The variable appears to store an array of values. The solution to this problem is to force Ansible to substitute only the required element, in this case stdout. This is achieved using the following syntax:

- debug:
  var: <variable_name>.stdout

or

{{ <variable_name>.stdout }}

An example of Ansible command substitution from a shell task is shown below:

# Initialising the global variable
 - shell: echo $(cat /proc/meminfo | grep MemTotal | awk '{print $2}') / 100 / 1024 |bc
 register: workmem
 ignore_errors: True
 - debug:
 var: workmem.stdout

# Using variable in replace statement
 - name: Configure memory parameters ( work_mem = {{ workmem.stdout }}MB )
 replace: dest={{db_data_dir}}/postgresql.conf regexp="^#?work_mem\s+=\s+[1-9]*[kMGT]B" replace="work_mem = {{ workmem.stdout }}MB"
 become: true
 become_user: postgres

The correct playbook execution output for provisioning a single instance PostgreSQL database is shown below:

root@ansible_host[yaml] # ansible-playbook /home/ansible/yaml/postgres-main2.yml --extra-vars "target=postgres node_ip=10.127.3.18 db_name=dbdemo db_user=pgadmin db_password=password db_port=5432 db_data_dir=/var/lib/pgsql/9.5/data"

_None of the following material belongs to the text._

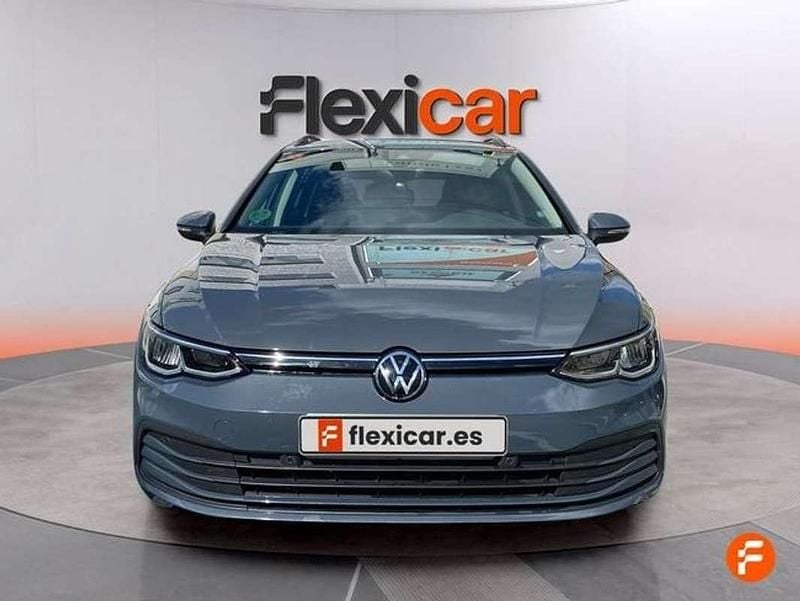 Usado VW Golf VIII 116 CV (85 kW) 2021 Gris Familiar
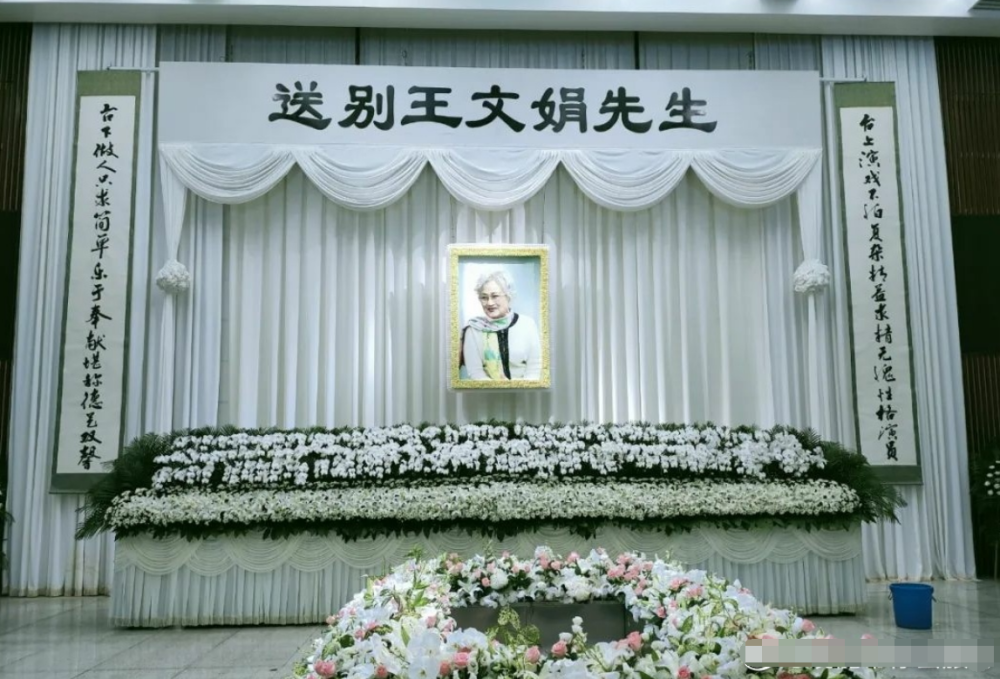 作为越剧"王派"艺术创始人,王文娟桃李满园,学生所送花圈整齐放在灵堂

PLAY [postgres] ****************************************************************

TASK [setup] *******************************************************************
 ok: [10.127.3.18]

TASK [assert] ******************************************************************
 ok: [10.127.3.18] => (item=node_ip)
 ok: [10.127.3.18] => (item=db_name)
 ok: [10.127.3.18] => (item=db_user)
 ok: [10.127.3.18] => (item=db_password)
 ok: [10.127.3.18] => (item=db_port)
 ok: [10.127.3.18] => (item=db_data_dir)

TASK [command] *****************************************************************
 changed: [10.127.3.18]

TASK [debug] *******************************************************************
 ok: [10.127.3.18] => {
 "totalmem.stdout": "1018628"
 }

TASK [command] *****************************************************************
 changed: [10.127.3.18]

TASK [debug] *******************************************************************
 ok: [10.127.3.18] => {
 "sharedbuf.stdout": "248"
 }

TASK [command] *****************************************************************
 changed: [10.127.3.18]

TASK [debug] *******************************************************************
 ok: [10.127.3.18] => {
 "workmem.stdout": "9"
 }

TASK [command] *****************************************************************
 changed: [10.127.3.18]

TASK [debug] *******************************************************************
 ok: [10.127.3.18] => {
 "maintworkmem.stdout": "124"
 }

TASK [command] *****************************************************************
 changed: [10.127.3.18]

TASK [debug] *******************************************************************
 ok: [10.127.3.18] => {
 "effectcachesize.stdout": "746"
 }

TASK [Add the group 'postgres'] ************************************************
 ok: [10.127.3.18]

TASK [Add the user 'postgres' and a primary group of 'postgres'] ***************
 ok: [10.127.3.18]

TASK [Intialise the DB as postgres user] ***************************************
 changed: [10.127.3.18]

TASK [Start the DB server as postgres user and enable at boot] *****************
 ok: [10.127.3.18]

TASK [Set Port binding] ********************************************************
 changed: [10.127.3.18]

TASK [Set Interface binding] ***************************************************
 ok: [10.127.3.18]

TASK [Configure memory parameters ( shared_buffers = 248MB )] ******************
 ok: [10.127.3.18]

TASK [Configure memory parameters ( work_mem = 9MB )] **************************
 ok: [10.127.3.18]

TASK [Configure memory parameters ( maintenance_work_mem = 124MB )] ************
 ok: [10.127.3.18]

TASK [Configure memory parameters ( wal_buffers = 64MB )] **********************
 ok: [10.127.3.18]

TASK [Configure memory parameters ( effective_cache_size = 746MB )] ************
 ok: [10.127.3.18]

TASK [Restarting the postgres service] *****************************************
 changed: [10.127.3.18]

TASK [Create database named dbdemo] ********************************************
 ok: [10.127.3.18]

TASK [Setup database user] *****************************************************
 ok: [10.127.3.18]

TASK [Ensure user does not have unnecessary privileges] ************************
 ok: [10.127.3.18]

TASK [Configuring DB remote access in pg_hba.conf] *****************************
 changed: [10.127.3.18]

TASK [Restarting the postgres service] *****************************************
 changed: [10.127.3.18]

TASK [Perform database connection test] ****************************************
 changed: [10.127.3.18]

TASK [debug] *******************************************************************
 skipping: [10.127.3.18]

PLAY RECAP *********************************************************************
 10.127.3.18 : ok=30 changed=11 unreachable=0 failed=0

Another top tip when populating variables in Ansible is the ability to search in the variable data (stdout & stderr) and act on a keyword.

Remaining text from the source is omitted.